BEGIN
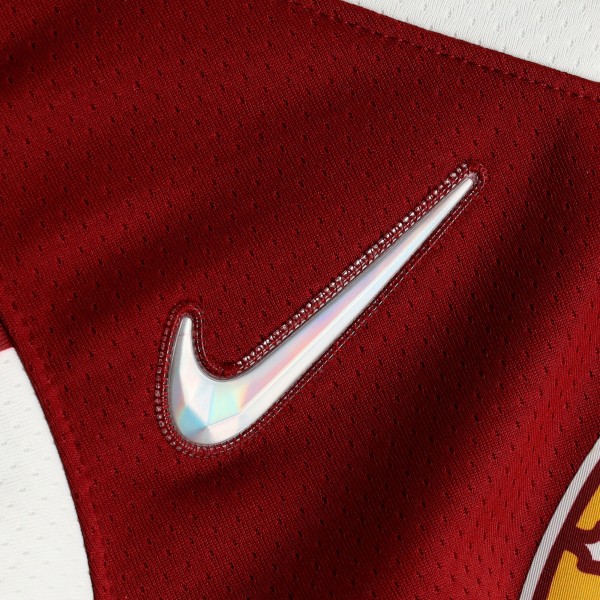 Evan Mobley Cleveland Cavaliers Autographed Fanatics Authentic Nike Red 2021-22 Mixtape Swingman Jersey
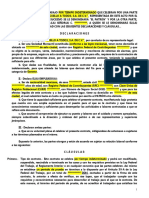 Ejemplo de Contrato Por Tiempo Indeterminado Con Clausula de Prueba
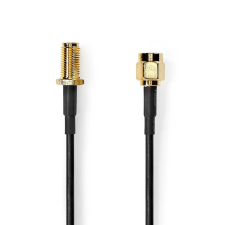 Nedis CSGL02010BK50 SMA antenna kábel 5m - Fekete kábel és adapter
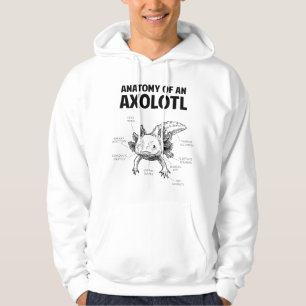 anatomy of an axolotl, funny axolotl hoodie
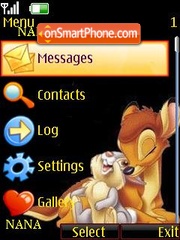 Bambi Clock tema screenshot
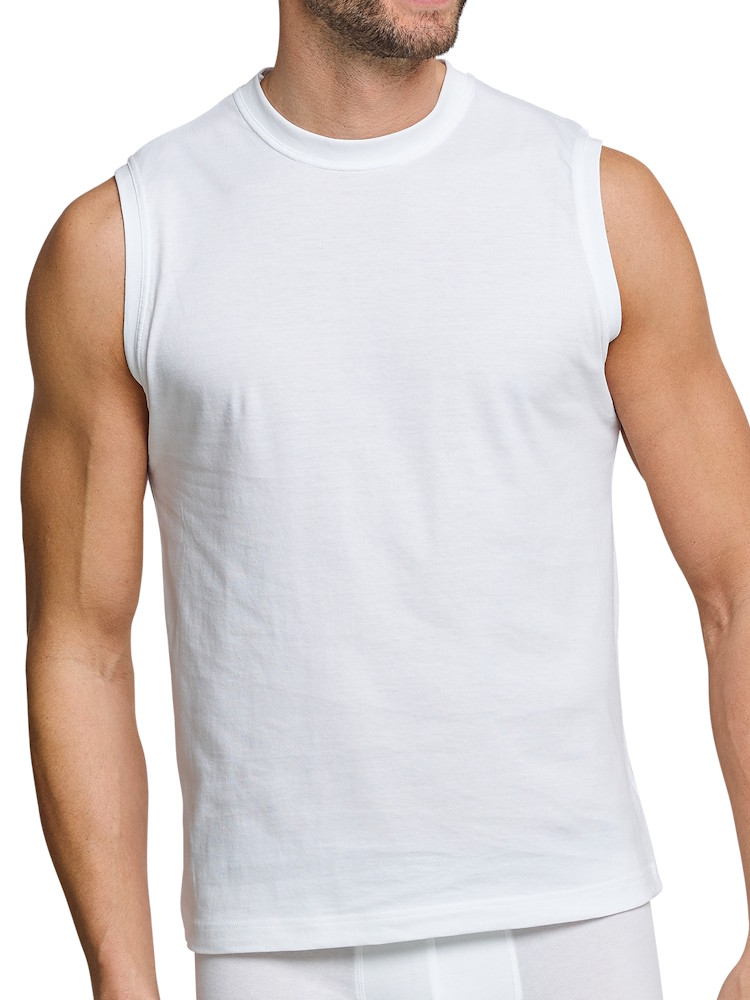 Schiesser Muscle Shirt 2 Pack 228010 100 White 1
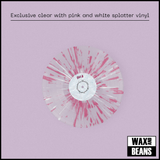 SLAG - Losing (Dinked Edition 388) (Clear With Pink & White Splatter + Mag + Signed & Hand-Numbered Photo)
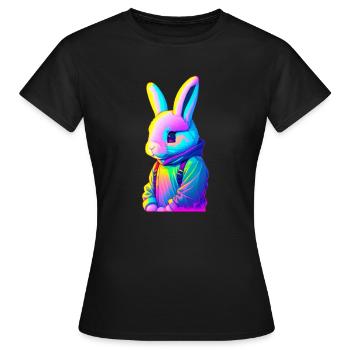 Rabbit Urban Style - Women's T-Shirt - black - Front - AI Model Female 172 dark (172cm)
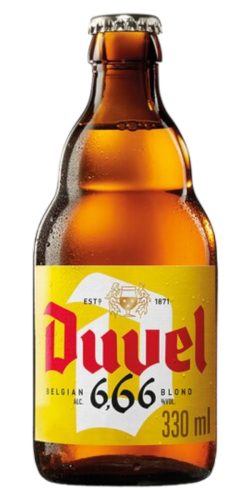 Duvel 666 Belga kézműves világos sör 0,33l 6,66%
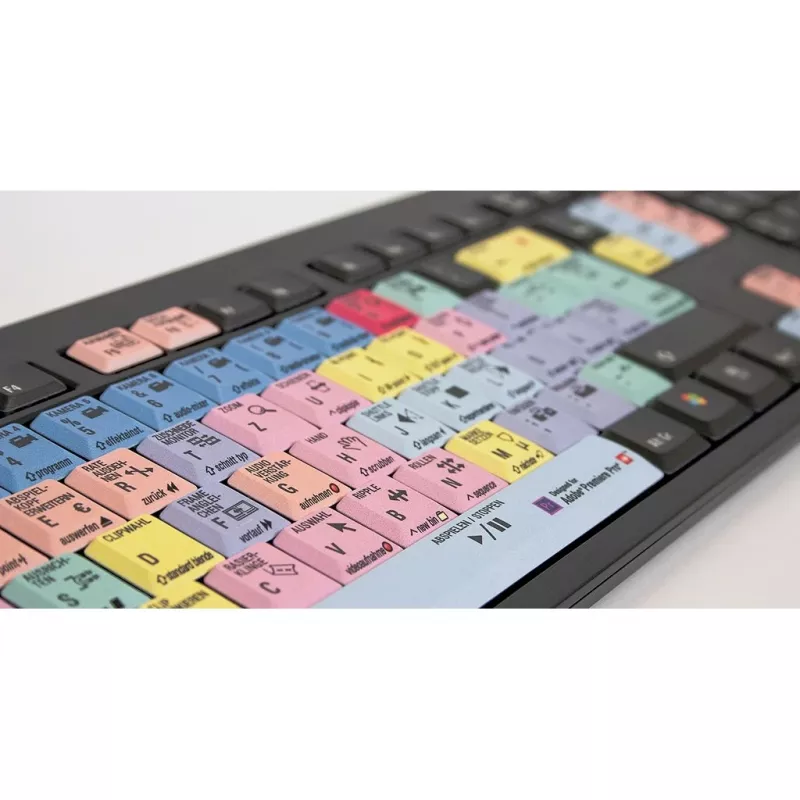 Toetsenbord Logickeyboard Adobe Premiere Pro CC QWERTZ Duits multicolor
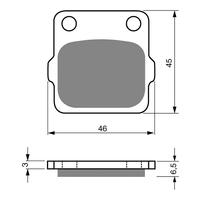 GOLDfren Brake Pads - S3 Sintered Sports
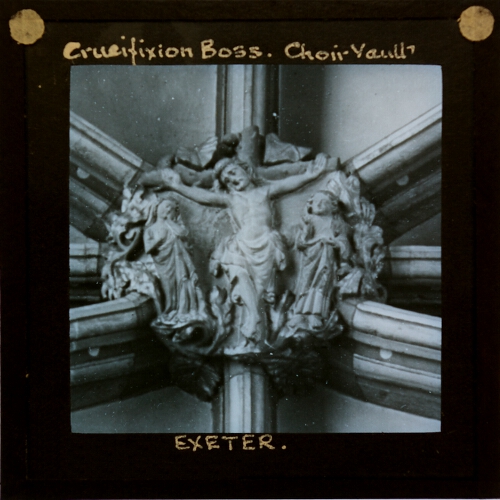Crucifixion Boss, Choir Vault, Exeter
END
**How to complete this task**
Starting with the line that contains "Ejemplo de Contrato" and finishing with the line that contains "Rabbit Urban Style", reproduce every line of the material above exactly, but not the pictures.

**Solution**
 Ejemplo de Contrato Por Tiempo Indeterminado Con Clausula de Prueba
 Nedis CSGL02010BK50 SMA antenna kábel 5m - Fekete kábel és adapter
 anatomy of an axolotl, funny axolotl hoodie
 Bambi Clock tema screenshot
 Schiesser Muscle Shirt 2 Pack 228010 100 White 1
 SLAG - Losing (Dinked Edition 388) (Clear With Pink & White Splatter + Mag + Signed & Hand-Numbered Photo)
 Rabbit Urban Style - Women's T-Shirt - black - Front - AI Model Female 172 dark (172cm)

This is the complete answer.